Treinamento do core e ativação do glúteo

O texto seguinte é um trecho do livro “Designing Strength Training Programs and Facilities” de Michael Boyle.

Simplesmente definida, estabilidade do core ou força pilar é “a capacidade de criar movimento extremo sem movimento compensatório da coluna ou da pélvis.” No sentido mais amplo, é “a capacidade de produzir e transmitir força da base sem perda de energia nos quadris, coluna ou na articulação escapulotorácica.”.

Perdas de energia são definidas como pontos em que a energia é perdida durante a transferência de força a partir do solo. Essas perdas são resultados da incapacidade do corpo de estabilizar uma articulação em particular. A força do torso engloba a estabilidade do core, do quadril e do ombro e, mais importante, a capacidade de força de movimento a partir do solo para as extremidades, enquanto se mantém a estabilidade nas áreas mencionadas acima.

Ajustando o estágio de estabilidade: treinando os músculos abdominais profundos

Como o estudo da inter-relação da dor lombar e do treino contínuo dos músculos abdominais, é óbvio que os padrões continuarão mudando. Uma grande mudança está ocorrendo atualmente. Eu tenho escrito e falado extensivamente sobre os métodos australianos de treinar os músculos abdominais profundos. O trabalho de Richardson, Hodges e Jull em “Therapeutic Exercise for Spinal Segmental Stabilization in Low Back Pain” tem avançado significativamente nosso conhecimento acerca da anatomia do core e da função muscular.  Na realidade, esse livro e a pesquisa que o precedeu mudaram para sempre o modo que o treinamento é realizado. Curiosamente, alguns profissionais da área têm rejeitado os conceitos australianos por muitas razões. O mais notável e credível entre esses críticos é o canadense Dr. Stuart Mcgill. McGill fornece um fundamento biomecânico de som para “hollowing”, como ele se refere à manobra “draw-in”, que na verdade diminuirá a estabilidade. Mcgill defende uma técnica que ele se refere como “estimulante” em um lugar de “hollowing” ou “drawing in” (esses termos são definidos no glossário abaixo). Eu entendo a premissa do Dr. MicGill e ainda acredito que aprender hollow ou draw in é uma habilidade necessária para os nossos atletas alcançarem.

Embora eu não seja qualificado para debater a pesquisa do Dr. McGill, eu tenho um ponto de discordância teórica. A pesquisa claramente mostra que drawing in ou hollowing podem diminuir a base de apoio e estabilidade da coluna vertebral. Entretanto, nós estamos ensinando drawing in como um exercício de consciência neuromuscular, não como o principal veículo para a estabilidade.

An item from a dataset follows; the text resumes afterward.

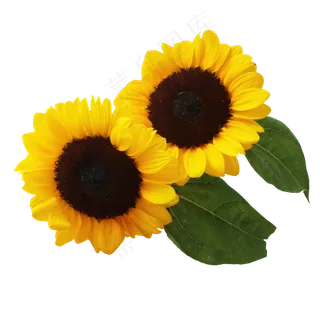 向日葵花朵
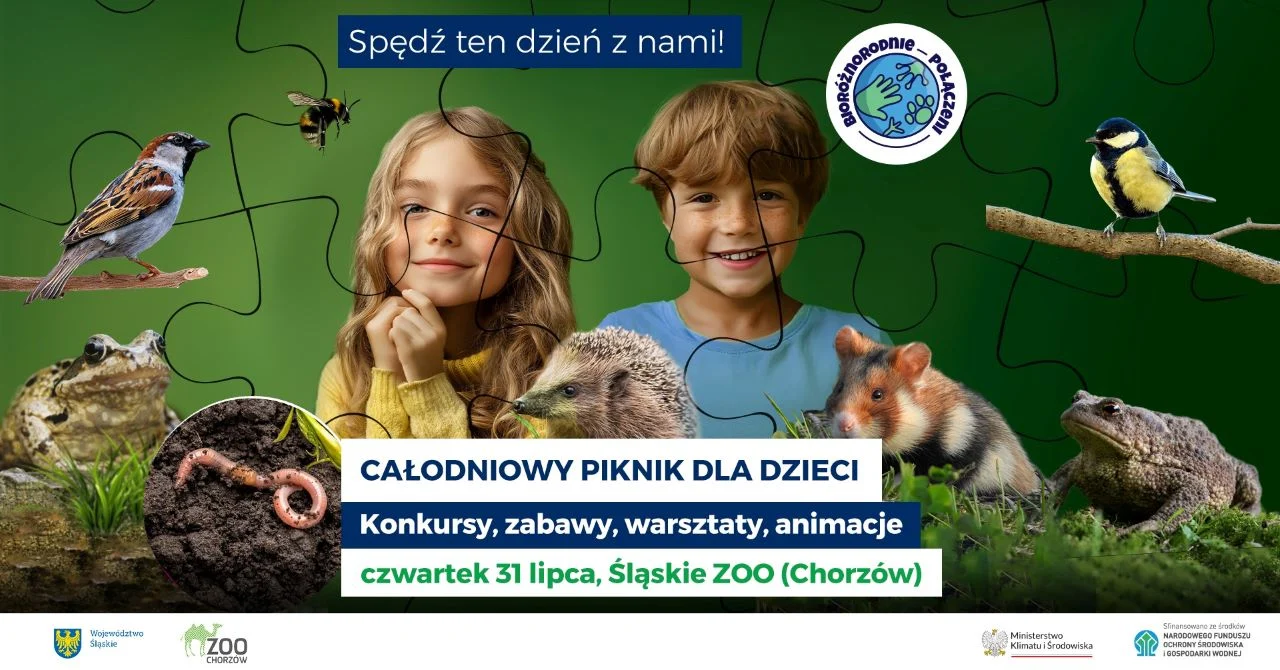 Śląskie ZOO zaprasza na całodniowy piknik dla dzieci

Além disso, muitos dos nossos atletas têm as clássicas “síndromes cruzadas de Janda”, com uma parede abdominal quase saliente e uma lordose lombar significativa (Cladimir Janda foi um dos pioneiros da medicina manual na Europa). Ele introduziu muitos dos conceitos de desequilíbrio muscular (os quais serviram de base para o atual treinamento funcional e do core). Nesses atletas, acredito que drawing in simplesmente traz o reto a um alinhamento normal a partir de uma posição de concavidade.

Na realidade, o atleta não está exercendo hollowing, mas simplesmente trazendo a parede abdominal de volta para a sua posição pretendida de estabilidade. Em outras palavras, o objetivo é simplesmente trazer o abdômen de volta à sua posição anatômica normal. A chave aqui é que drawing in para um atleta com lordose não diminuiria a base de suporte como McGill sugere.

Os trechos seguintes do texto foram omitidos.